The Environmental Protection agency in 2004 took the position that hydraulic fracturing was exempt from the requirements of these acts, which is the main federal legislation governing water quality and use in the US, including clean-up standards and requirements. However, as discussed in the next paragraph, the EPA is now considering applying several of these acts to hydraulic fracturing. And at the state level, we may see more proposals such as that recently put forward by the Governor of Pennsylvania, which would allow counties to impose fees for drilling using fracking technology to pay for environmental remediation efforts.

All of this remains in a state of flux at present, and we would expect a vigorous debate over the treatment and disposal of wastewater to be sustained for some time. At present, both the ACC and the American Natural Gas Alliance (the US Natural gas producer trade group) are actively opposing further federal regulation of fracking activities, preferring that such regulations remain at the state level.

4. Likely increased government regulation: Regulation, by its very nature, adds costs. It is in fact likely that given the concerns mentioned above that there will be increased regulation. What remains uncertain at present is whether any increased regulation will be at the federal or state level, the potential scope of these regulations, and therefore their potential costs. While there are pressures for an outright ban on fracking, such as is the case in France, we suspect such a ban is unlikely in the US, unless the evidence for groundwater contamination becomes unequivocal, which at present it is not. The US government may issue federal guidelines for fracking within the next month, and several states, including New York and New Jersey, are currently reviewing or developing guidelines to ensure groundwater safety. Given the relative recency of much current gas shale development, however, we would expect the regulatory environment to be a shifting one over the next several years. The Natural Gas industry trade group, along with related organizations such as the American Chemical Council, have indicated the preference for continuing with the present policy of leaving most drilling regulations to States.

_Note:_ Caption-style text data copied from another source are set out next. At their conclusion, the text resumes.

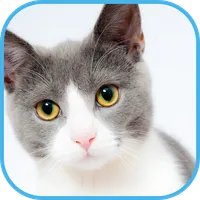 cat wallpaper icon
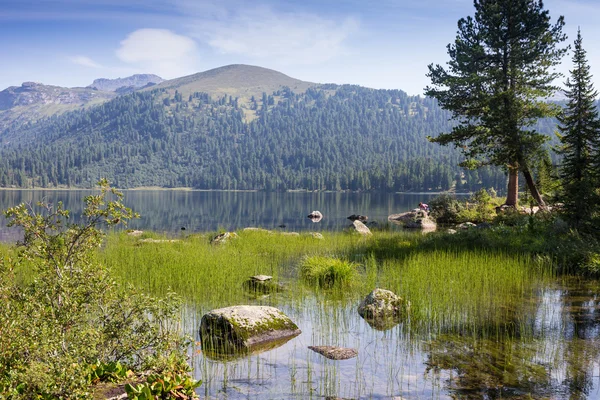 Озеро найкрасивішим на землі Ergaki Національний парк — стокове фото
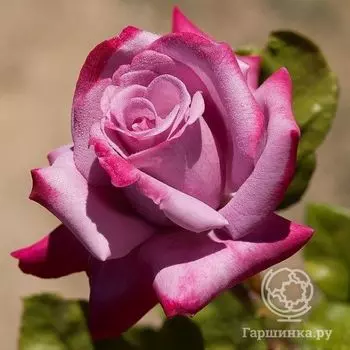 Роза Парадиз чайно-гибридная, Imperial Rose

We note that this is a situation that is likely to only exist in the US, where there can be a variety of regulations, and regulatory oversight agencies, at both the state and federal level. Most countries, however, have only a single set of regulations governing such issues as drilling and water use, and these are generally national regulations.

5. Uncertainty surrounding the long term estimates and productivity of shale gas wells: The EIA (and others) have noted that most shale gas wells are relatively new. Not only are they new, but their drilling lives may be considerably shorter than those of conventional gas drills. The more general concern here is that, just as is the case with other NG resources, not all shale gas is equal. Some deposits are easier to get to than others; some deposits are easier to drill than others. Not all areas of the Barnet shale in Texas, which currently has about 15,000 wells in various stages of drilling life, or the Marcellus shale in West Virginia, Pennsylvania and New York, which has a number approaching that, are equally easy to recover shale gas from. The EIA, in fact, in its Annual Energy Outlook 2011, specifically cautions:

Estimates of technically recoverable shale gas are certain to change over time as new information is gained through drilling and production, and through development of shale gas recovery technology. Over the past decade, as more shale formations have been explored and used for commercial production, estimates of technically and economically recoverable shale gas resources have skyrocketed. However, the estimates embody many assumptions that might prove to be untrue in the long term.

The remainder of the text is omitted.